OLS-3274: add structured audit event logging with independent OTEL tracing#84
OLS-3274: add structured audit event logging with independent OTEL tracing#84vimalk78 wants to merge 1 commit into
Conversation
|
Warning Review limit reached
More reviews will be available in 3 minutes and 57 seconds. Learn how PR review limits work. Your organization has used up its prepaid credits, and credit purchases are no longer available. Enable the review add-on in the billing tab to keep reviews running — you're only billed for reviews past your plan's rate limits ($0.25/file). ⌛ How to resolve this issue?After more reviews become available, a review can be triggered using the To avoid repeated limits, reduce automatic review volume by pausing incremental auto-reviews earlier, using label-based review opt-in, excluding WIP or generated PR titles, or requesting reviews manually when the PR is ready. If your team needs uninterrupted high-volume reviews, an organization admin can enable usage-based credits. 🚦 How do rate limits work?CodeRabbit enforces per-developer PR review limits for each organization. Most developers receive the normal plan review availability. For paid Pro and Pro+ PR reviews, CodeRabbit uses adaptive limits for sustained high-volume activity. When a developer's recent PR review activity reaches the 95th percentile or higher among CodeRabbit users, additional reviews become available more gradually as earlier reviews age out of the rolling window. Please see our Fair Usage Limits Policy for further information. ℹ️ Review info⚙️ Run configurationConfiguration used: Path: .coderabbit.yaml Review profile: CHILL Plan: Enterprise Run ID: 📒 Files selected for processing (5)

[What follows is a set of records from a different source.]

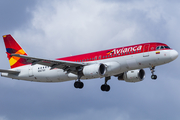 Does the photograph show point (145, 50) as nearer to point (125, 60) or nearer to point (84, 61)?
point (125, 60)

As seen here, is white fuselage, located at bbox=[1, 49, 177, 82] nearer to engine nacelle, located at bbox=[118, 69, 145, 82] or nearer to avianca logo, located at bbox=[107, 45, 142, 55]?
avianca logo, located at bbox=[107, 45, 142, 55]

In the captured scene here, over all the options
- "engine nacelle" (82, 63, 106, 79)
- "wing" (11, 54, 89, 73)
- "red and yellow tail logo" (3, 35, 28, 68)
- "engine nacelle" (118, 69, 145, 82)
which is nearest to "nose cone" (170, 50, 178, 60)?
"engine nacelle" (82, 63, 106, 79)

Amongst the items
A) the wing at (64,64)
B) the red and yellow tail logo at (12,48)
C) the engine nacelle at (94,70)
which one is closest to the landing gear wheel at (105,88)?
the wing at (64,64)

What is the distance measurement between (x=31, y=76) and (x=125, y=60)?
16502 millimetres

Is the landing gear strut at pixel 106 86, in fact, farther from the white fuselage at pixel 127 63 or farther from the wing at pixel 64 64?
the wing at pixel 64 64

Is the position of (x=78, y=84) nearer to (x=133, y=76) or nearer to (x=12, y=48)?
(x=133, y=76)

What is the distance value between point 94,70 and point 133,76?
900 centimetres

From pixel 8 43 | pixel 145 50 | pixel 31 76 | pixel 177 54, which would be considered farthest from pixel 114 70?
pixel 8 43

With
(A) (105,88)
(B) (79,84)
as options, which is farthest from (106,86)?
(B) (79,84)

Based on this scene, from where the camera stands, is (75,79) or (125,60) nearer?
(125,60)

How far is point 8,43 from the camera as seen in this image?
6353 centimetres

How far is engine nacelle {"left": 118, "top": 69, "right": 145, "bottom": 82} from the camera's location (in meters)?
57.4

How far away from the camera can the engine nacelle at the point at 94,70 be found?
167 feet

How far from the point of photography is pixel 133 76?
189ft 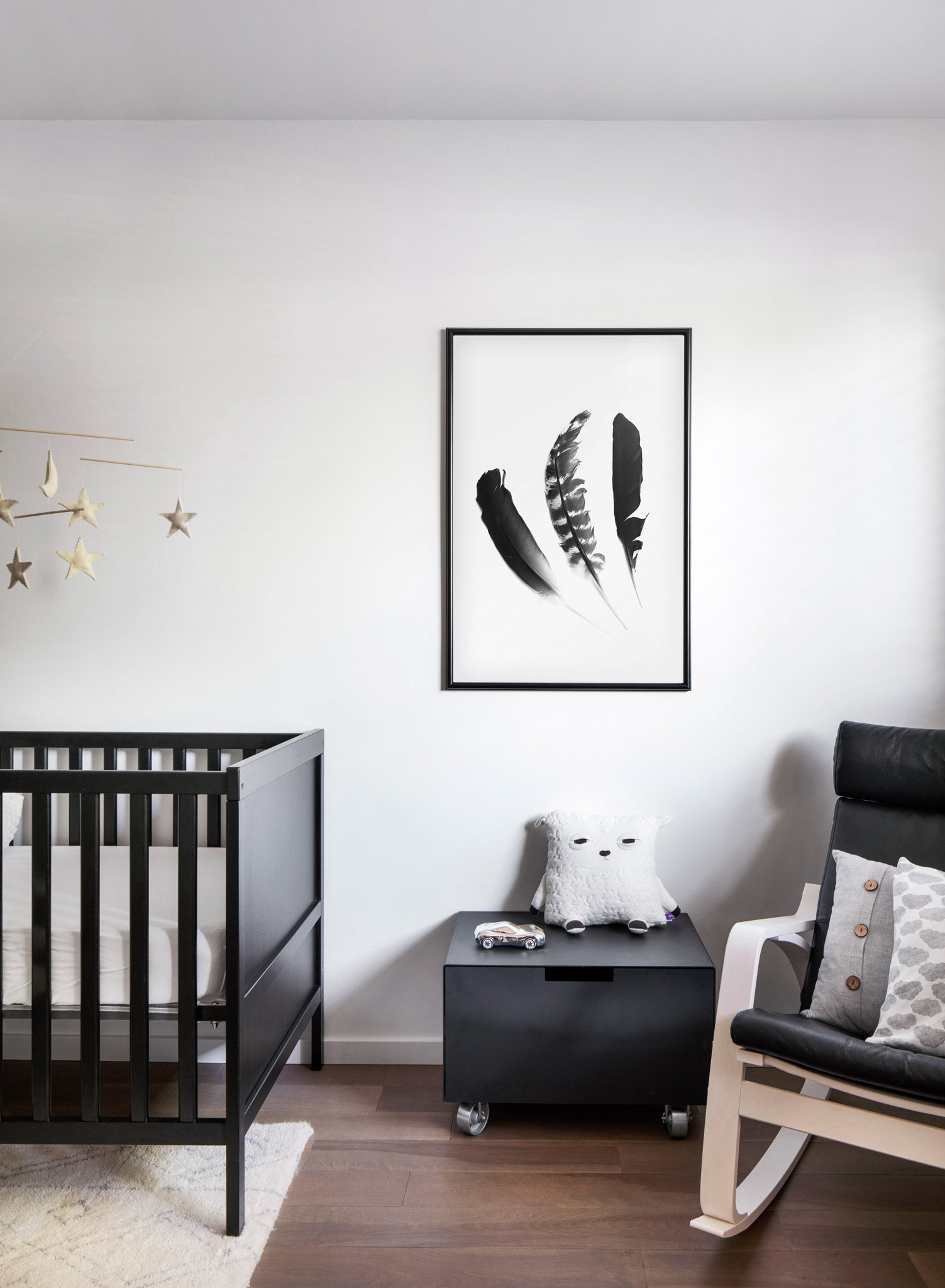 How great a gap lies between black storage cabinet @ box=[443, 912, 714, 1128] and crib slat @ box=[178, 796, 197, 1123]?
56 centimetres

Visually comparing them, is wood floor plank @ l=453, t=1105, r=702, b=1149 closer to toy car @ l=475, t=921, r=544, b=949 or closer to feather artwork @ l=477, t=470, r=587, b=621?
toy car @ l=475, t=921, r=544, b=949

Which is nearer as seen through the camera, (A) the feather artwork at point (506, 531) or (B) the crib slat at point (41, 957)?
(B) the crib slat at point (41, 957)

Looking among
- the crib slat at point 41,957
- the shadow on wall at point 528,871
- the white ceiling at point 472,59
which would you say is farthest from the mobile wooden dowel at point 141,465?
the shadow on wall at point 528,871

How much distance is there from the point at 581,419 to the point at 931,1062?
1644mm

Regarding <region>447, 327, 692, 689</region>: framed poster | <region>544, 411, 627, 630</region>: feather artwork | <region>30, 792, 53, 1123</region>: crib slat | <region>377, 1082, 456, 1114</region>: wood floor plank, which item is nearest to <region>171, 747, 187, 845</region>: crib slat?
<region>30, 792, 53, 1123</region>: crib slat

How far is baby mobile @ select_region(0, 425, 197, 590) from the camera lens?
2.03 meters

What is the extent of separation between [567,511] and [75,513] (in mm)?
1227

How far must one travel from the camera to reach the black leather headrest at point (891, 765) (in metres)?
1.96

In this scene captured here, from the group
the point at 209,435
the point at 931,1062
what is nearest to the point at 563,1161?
the point at 931,1062

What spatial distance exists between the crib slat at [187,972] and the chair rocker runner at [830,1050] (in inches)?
37.9

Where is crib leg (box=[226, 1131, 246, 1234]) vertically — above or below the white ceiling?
below

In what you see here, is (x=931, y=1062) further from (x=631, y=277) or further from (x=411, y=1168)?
(x=631, y=277)

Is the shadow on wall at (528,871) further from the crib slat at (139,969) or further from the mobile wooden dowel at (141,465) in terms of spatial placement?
the mobile wooden dowel at (141,465)

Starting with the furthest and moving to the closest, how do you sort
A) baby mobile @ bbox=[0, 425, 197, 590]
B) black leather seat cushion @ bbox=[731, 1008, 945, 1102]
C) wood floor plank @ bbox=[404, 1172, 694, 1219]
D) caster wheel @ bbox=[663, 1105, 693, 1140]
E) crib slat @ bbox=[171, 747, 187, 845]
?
crib slat @ bbox=[171, 747, 187, 845] → baby mobile @ bbox=[0, 425, 197, 590] → caster wheel @ bbox=[663, 1105, 693, 1140] → wood floor plank @ bbox=[404, 1172, 694, 1219] → black leather seat cushion @ bbox=[731, 1008, 945, 1102] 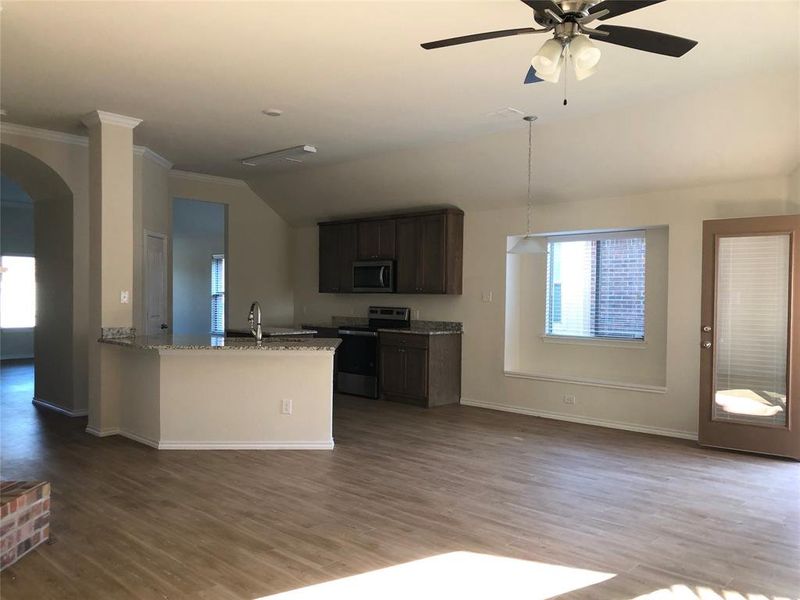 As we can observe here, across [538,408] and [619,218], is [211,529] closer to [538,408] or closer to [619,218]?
[538,408]

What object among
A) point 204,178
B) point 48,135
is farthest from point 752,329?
point 48,135

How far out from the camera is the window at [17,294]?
10922mm

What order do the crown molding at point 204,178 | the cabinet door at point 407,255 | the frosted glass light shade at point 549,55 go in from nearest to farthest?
the frosted glass light shade at point 549,55 → the cabinet door at point 407,255 → the crown molding at point 204,178

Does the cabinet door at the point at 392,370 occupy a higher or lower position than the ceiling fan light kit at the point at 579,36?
lower

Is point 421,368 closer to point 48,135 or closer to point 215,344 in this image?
point 215,344

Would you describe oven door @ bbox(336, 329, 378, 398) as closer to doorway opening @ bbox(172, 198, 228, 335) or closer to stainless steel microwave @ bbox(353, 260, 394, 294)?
stainless steel microwave @ bbox(353, 260, 394, 294)

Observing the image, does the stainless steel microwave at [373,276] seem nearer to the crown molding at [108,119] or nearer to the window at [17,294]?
the crown molding at [108,119]

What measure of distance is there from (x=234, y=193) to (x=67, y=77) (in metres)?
4.06

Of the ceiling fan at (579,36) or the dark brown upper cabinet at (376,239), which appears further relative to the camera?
the dark brown upper cabinet at (376,239)

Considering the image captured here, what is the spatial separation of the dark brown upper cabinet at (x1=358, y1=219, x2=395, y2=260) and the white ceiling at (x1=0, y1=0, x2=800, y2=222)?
1595mm

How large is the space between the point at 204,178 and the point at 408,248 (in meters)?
2.93

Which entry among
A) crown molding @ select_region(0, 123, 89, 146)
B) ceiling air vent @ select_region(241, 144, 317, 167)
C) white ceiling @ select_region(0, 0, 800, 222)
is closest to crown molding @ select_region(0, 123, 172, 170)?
crown molding @ select_region(0, 123, 89, 146)

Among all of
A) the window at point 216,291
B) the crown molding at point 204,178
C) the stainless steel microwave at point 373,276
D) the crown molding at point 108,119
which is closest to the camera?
the crown molding at point 108,119

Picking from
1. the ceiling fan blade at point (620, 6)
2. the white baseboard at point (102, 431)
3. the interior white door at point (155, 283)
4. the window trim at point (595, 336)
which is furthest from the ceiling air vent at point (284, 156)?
the ceiling fan blade at point (620, 6) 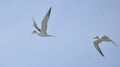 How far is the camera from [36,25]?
32656mm

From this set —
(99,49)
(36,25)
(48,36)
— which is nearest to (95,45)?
(99,49)

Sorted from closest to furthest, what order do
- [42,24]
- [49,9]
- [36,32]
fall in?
[49,9], [42,24], [36,32]

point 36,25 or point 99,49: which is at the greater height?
point 36,25

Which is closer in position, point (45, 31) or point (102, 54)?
point (102, 54)

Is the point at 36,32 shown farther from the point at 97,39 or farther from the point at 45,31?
the point at 97,39

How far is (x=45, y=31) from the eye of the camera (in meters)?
30.6

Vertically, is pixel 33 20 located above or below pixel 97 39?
above

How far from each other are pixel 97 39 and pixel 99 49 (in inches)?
31.9

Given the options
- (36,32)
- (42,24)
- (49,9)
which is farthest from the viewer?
(36,32)

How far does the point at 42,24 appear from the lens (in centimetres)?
2994

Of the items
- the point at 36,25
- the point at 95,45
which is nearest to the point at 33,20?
the point at 36,25

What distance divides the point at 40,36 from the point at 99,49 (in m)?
4.66

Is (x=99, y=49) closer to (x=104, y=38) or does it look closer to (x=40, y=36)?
(x=104, y=38)

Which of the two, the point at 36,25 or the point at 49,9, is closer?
the point at 49,9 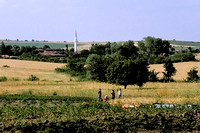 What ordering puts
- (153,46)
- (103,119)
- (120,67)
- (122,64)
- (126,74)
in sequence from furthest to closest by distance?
(153,46), (122,64), (120,67), (126,74), (103,119)

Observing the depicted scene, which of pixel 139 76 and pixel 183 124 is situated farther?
pixel 139 76

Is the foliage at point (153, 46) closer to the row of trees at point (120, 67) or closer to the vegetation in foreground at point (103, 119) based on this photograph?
the row of trees at point (120, 67)

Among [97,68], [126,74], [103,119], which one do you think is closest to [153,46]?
[97,68]

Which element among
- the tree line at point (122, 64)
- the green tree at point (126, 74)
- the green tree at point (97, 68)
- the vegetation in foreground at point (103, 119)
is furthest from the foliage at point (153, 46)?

📝 WalkthroughWalkthroughAdds structured audit logging for agent runs, including phase derivation, streaming text/thinking/tool events, completion records with token and cost metrics, provider usage extraction, and query route instrumentation. ChangesAudit logging flow
Sequence Diagram(s)sequenceDiagram
participant Client
participant run_endpoint
participant OpenAIProvider
participant AuditLogger
participant stdout
Client->>run_endpoint: POST /v1/agent/run
run_endpoint->>OpenAIProvider: query(...)
OpenAIProvider-->>run_endpoint: ProviderEvent stream
run_endpoint->>AuditLogger: process_event(event)
OpenAIProvider-->>run_endpoint: ResultEvent usage
run_endpoint->>AuditLogger: complete(success, input_tokens, output_tokens, cost_usd)
AuditLogger->>stdout: emit audit JSON
🚥 Pre-merge checks | ✅ 4 | ❌ 1❌ Failed checks (1 warning)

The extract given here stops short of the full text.